Viendo venir a la muchedumbre, pues no pocos ciudadanos y campesinos se sumaron a la procesión, yo me vi ya a los pies de la hoguera y, llevado por el pánico, no acertaba más que a rezarle a la Santísima Virgen de los Dolores para que me asistiera en el Auto de Fe y en la tortura que se seguiría de todo aquello. Pero el hermano Mateo, mucho más avispado y resuelto, viendo que los clérigos y el propio Obispo parecían más aterrados que nosotros mismos por todo aquello, decidió seguir adelante con la farsa y, esgrimiendo la mano negra, seleccionó al de apariencia más crédula y simple de aquellos monjes, que resultó ser un fraile dominico de la ciudad. Haciéndole señas con la mano negra lo hizo pasar a la estancia principal y, escondiéndose, tras unos pertrechos, con la ayuda de un matraz cuyo cuello se había roto en uno de los experimentos, deformó su propia voz para que sonara aterradora. Al leve resplandor del fuego, y usando del artificio de la voz, le ordenó arrodillarse en el centro de la estancia mientras leía fragmentos de la fama fraternalis que resultaban incomprensibles para el pobre clérigo que, postrado, rezaba a María Santísima de modo semejante a como yo, en la estancia contigua, imploraba al Altísimo.

Al cabo de media hora, cuando ya el sudor corría copioso por el pobre fraile y cierto olorcillo sospechoso, proveniente de sus hábitos, competía con el azufre del ambiente, el hermano Mateo, siempre desde su escondite, se dirigió al fraile proponiéndole, con voz firme, que la “mano negra” desaparecería de allí, siempre que el Obispo con toda su corte se retiraran, y el propio fraile jurara, sobre las Escrituras, que nunca diría nada de lo que hubiera visto u oído. Así lo juró el dominico, deseoso de abandonar el lugar, sin advertir que ponía su mano sobre un ejemplar de la Tabula Smaragdina que habíamos estado consultando la tarde antes. Juró el dominico guardar silencio, lo cual era primordial para nuestro plan, no fuera que pasado el terror relatara los instrumentos que pudiera haber entrevisto allí, y marcharon en silencio el Obispo con toda su escolta. Al cabo, el hermano Mateo y yo recogimos cuanto pudimos y acumulamos los restos de azufre y leña en la torre, incendiando todo aquello a nuestra partida para evitar que pudieran ser halladas las pruebas de nuestro oficio, partiendo nuevamente con nuestros libros y las escasas pertenencias que pudimos acarrear. Y así reanudamos nuestra marcha en busca de algún lugar más tranquilo donde reiniciar nuestros estudios.

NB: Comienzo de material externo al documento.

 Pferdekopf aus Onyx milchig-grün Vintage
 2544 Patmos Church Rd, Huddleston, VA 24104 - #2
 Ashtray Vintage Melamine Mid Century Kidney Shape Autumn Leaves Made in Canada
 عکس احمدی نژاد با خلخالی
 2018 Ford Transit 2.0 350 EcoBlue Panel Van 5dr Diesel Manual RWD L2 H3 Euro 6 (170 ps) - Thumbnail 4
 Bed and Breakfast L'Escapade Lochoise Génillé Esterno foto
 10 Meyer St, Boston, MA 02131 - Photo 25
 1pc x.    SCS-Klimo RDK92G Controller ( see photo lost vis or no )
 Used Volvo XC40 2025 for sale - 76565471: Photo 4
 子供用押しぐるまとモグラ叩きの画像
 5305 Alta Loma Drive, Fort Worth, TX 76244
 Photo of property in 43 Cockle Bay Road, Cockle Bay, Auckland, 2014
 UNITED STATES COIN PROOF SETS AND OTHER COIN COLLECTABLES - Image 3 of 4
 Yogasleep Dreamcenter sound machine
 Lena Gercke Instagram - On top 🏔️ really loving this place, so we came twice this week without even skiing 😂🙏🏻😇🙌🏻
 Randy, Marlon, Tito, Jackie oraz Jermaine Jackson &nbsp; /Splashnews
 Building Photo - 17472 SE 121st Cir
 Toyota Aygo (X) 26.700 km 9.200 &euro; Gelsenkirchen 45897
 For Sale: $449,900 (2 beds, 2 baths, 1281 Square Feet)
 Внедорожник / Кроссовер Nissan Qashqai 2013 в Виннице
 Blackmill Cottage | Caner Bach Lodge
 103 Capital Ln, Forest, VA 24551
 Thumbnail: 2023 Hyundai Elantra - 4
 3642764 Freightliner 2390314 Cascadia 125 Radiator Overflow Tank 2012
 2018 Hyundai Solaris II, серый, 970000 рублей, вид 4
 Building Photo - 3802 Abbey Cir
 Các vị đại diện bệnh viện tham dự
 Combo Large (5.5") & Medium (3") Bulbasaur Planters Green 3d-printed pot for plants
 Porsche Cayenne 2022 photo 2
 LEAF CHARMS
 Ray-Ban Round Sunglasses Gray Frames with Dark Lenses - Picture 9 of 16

Así pues, por la presente pretendemos poner a Vuestra Majestad en antecedentes de todo lo ocurrido, porque vuestra Gracia conozca de nuestra mano el paradero y dificultades de sus servidores y cómo no hemos abandonado el encargo que juramos cumplimentar hace ya muchos meses, de hallar, por medio del conocimiento del fuego y de su espíritu, un remedio seguro a los males que le aquejan y que entristecen a todo el reino y a toda la cristiandad, y por si acaso llegan noticias a la Corte de los extraños sucesos de la Mano Negra, acaecidos en el lugar que llaman de Churra, en las cercanías de Murcia, tenga completo conocimiento de los hechos.